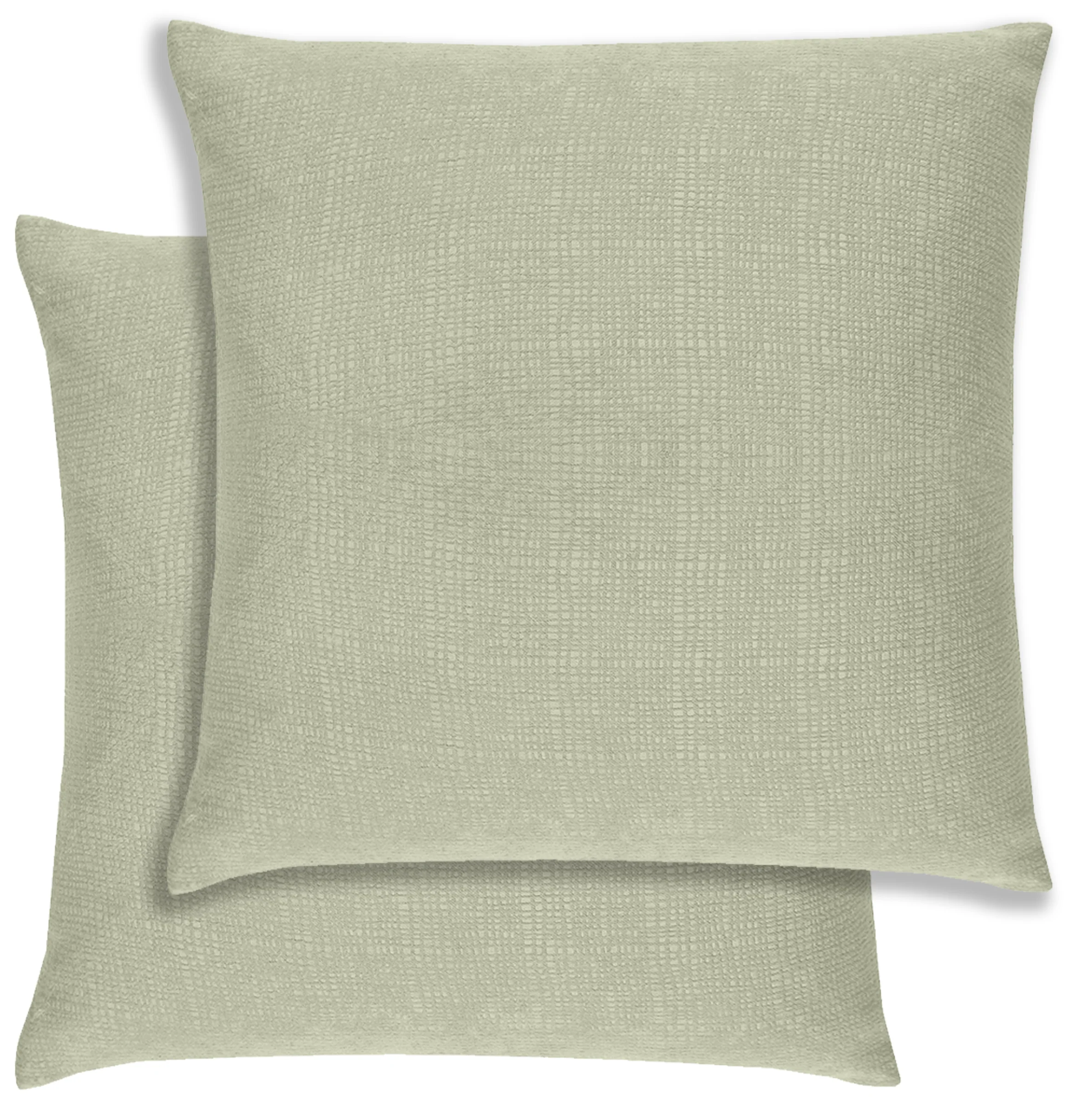 Enhanced Living Pair of Matrix Textured Cushion Covers - 43x43cm - Cases Only - Image 11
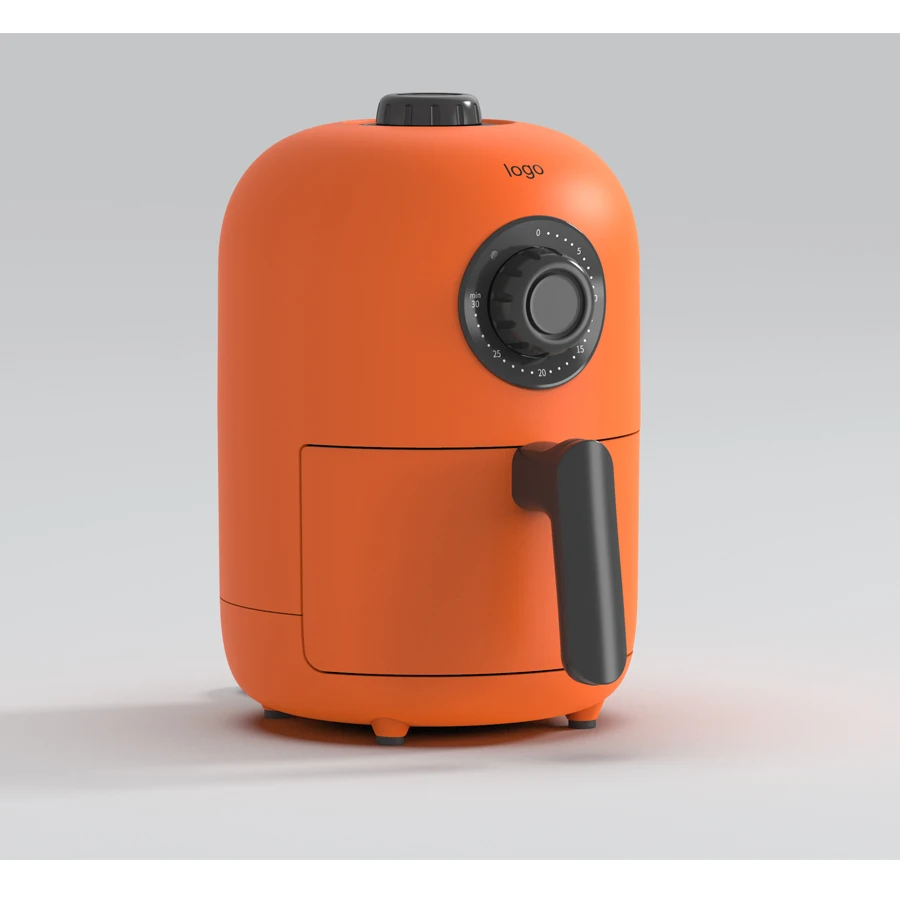 Single Pot With Food Tray Oil Free Air Fryer For Wholesaler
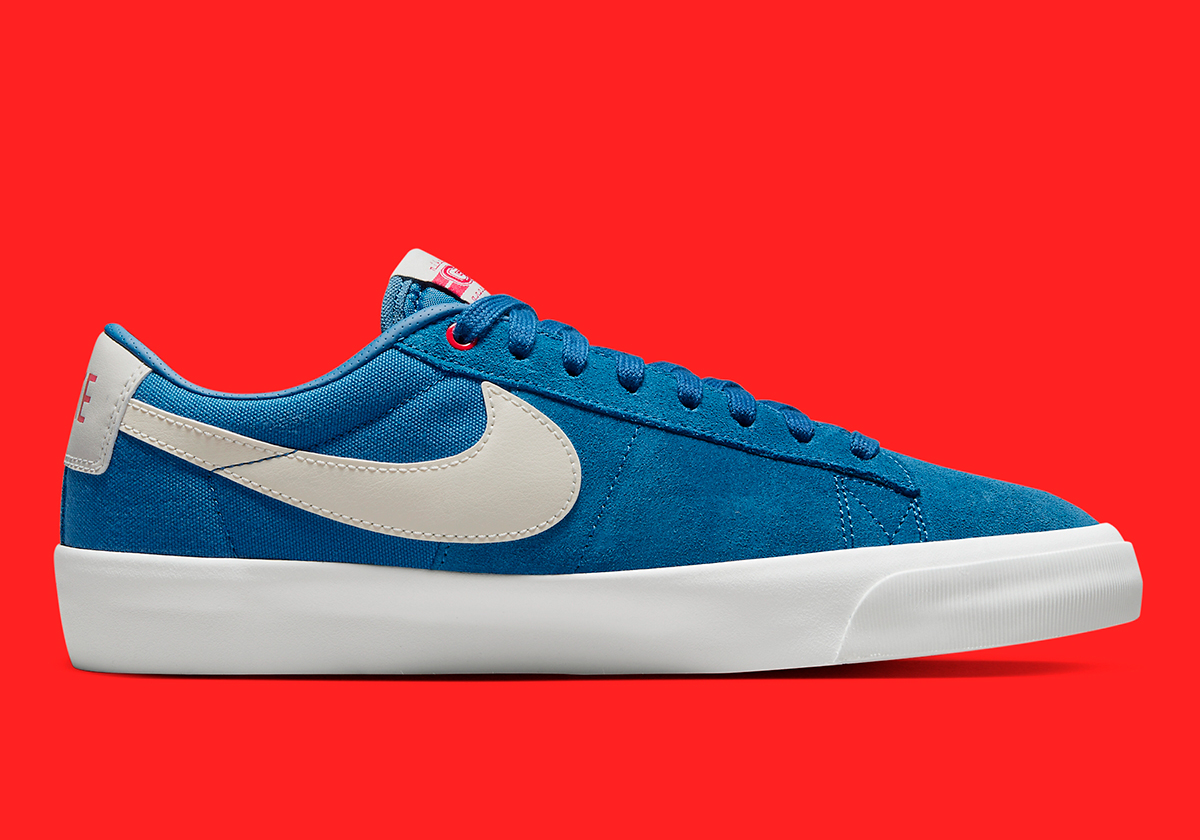 Nike Sb Blazer Low Gt Court Blue Dc7695 403 6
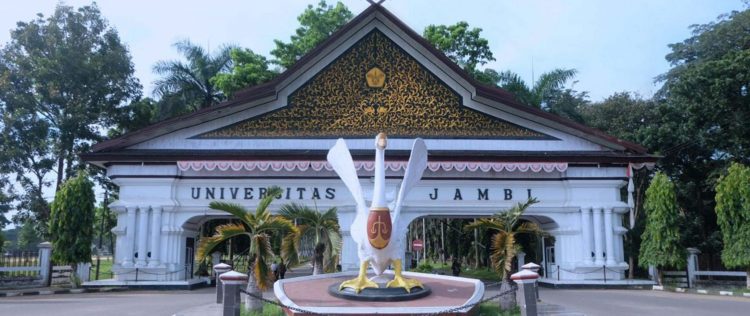 FOTO. Universitas Jambi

:: EXERCISE INSTRUCTIONS ::
Repeat the listing above word for word. Do not include the pictures.

:: EXERCISE RESPONSE ::
 Enhanced Living Pair of Matrix Textured Cushion Covers - 43x43cm - Cases Only - Image 11
 Single Pot With Food Tray Oil Free Air Fryer For Wholesaler
 Nike Sb Blazer Low Gt Court Blue Dc7695 403 6
 FOTO. Universitas Jambi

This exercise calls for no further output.